Let $\Sigma$ an alphabet. We define the primitive recursive set as follows:
$PR_{0}^{\Sigma}$ contains the succesor, predecessor, projection and constant functions. It also contains the $d_a$ function, defined if $a \in \Sigma$, s.t. $d_a(\alpha) = \alpha a$. Then, recursively,
\begin{align*} PR_{k}^{\Sigma} = PR_{k-1}^{\Sigma} \cup \left\{ f \circ [f_1\ldots f_m] : f, f_i \in PR_{k-1}^{\Sigma} \right\} \cup \left\{ R(f, g) : f, g \in PR_{k-1}^{\Sigma} \right\} \end{align*}
where $R(f, g)$ means $R$ is built via primitive recursion by the functions $f, g$. Finally, $PR^{\Sigma} = \bigcup_{k\geq0} PR_k^{\Sigma}$. We say a function is primitive recursive over $\Sigma$, or $\Sigma$-p.r., if it belongs to $PR^{\Sigma}$.
I was given the following problem:
Let $f, g : \omega \mapsto \omega$ s.t. $g \in PR^{\Sigma}$ and $f \in PR_3^{\Sigma} - PR_2^{\Sigma}$. Then, is it true that $f \circ g \subset PR_5^{\Sigma} -PR_3^{\Sigma}$?

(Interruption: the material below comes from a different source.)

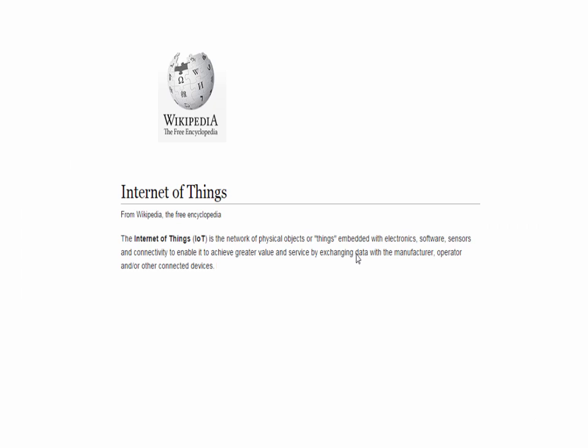Now let's simplify this definition. According to Wikipedia, IoT is actually a combination of physical objects and things, where you are able to communicate with them — and not only communicate, but also monitor and control them using a connected setup. So that's exactly what IoT is.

I proceeded as follows, but have the strong feeling that a simple approach exists.
Recall that
\begin{align*} PR_{k}^{\Sigma} = PR_{k-1}^{\Sigma} \cup \left\{ f \circ [f_1\ldots f_m] : f, f_i \in PR_{k-1}^{\Sigma} \right\} \cup \left\{ R(f, g) : f, g \in PR_{k-1}^{\Sigma} \right\} \end{align*}
For brevity, we will call the second and third sets in the union $A_{k-1}, B_{k-1}$
From the definition of $PR_k^{\Sigma}$ follows that
\begin{align*} PR_3^{\Sigma} - PR_2^{\Sigma} &= PR_{2}^{\Sigma} \cup A_2 \cup B_2 - PR_2^{\Sigma}\\ &= A_2 \cup B_2 \end{align*}
and
\begin{align*} PR_5^{\Sigma} - PR_3^{\Sigma} &= PR_4 \cup A_4 \cup B_4 - PR_3^{\Sigma} \\ &= (PR_3^{\Sigma} \cup A_3 \cup B_3) \cup A_4 \cup B_4 - PR_3^{\Sigma} \\ &=A_3 \cup B_3 \cup A_4 \cup B_4 \end{align*}
From this follows that $g \in PR_3^{\Sigma}$, because $g \in A_2 \cup B_2$ is either a composition of functions from $PR_2^{\Sigma}$ or a function built via primitive recursion with functions of $PR_{2}^{\Sigma}$.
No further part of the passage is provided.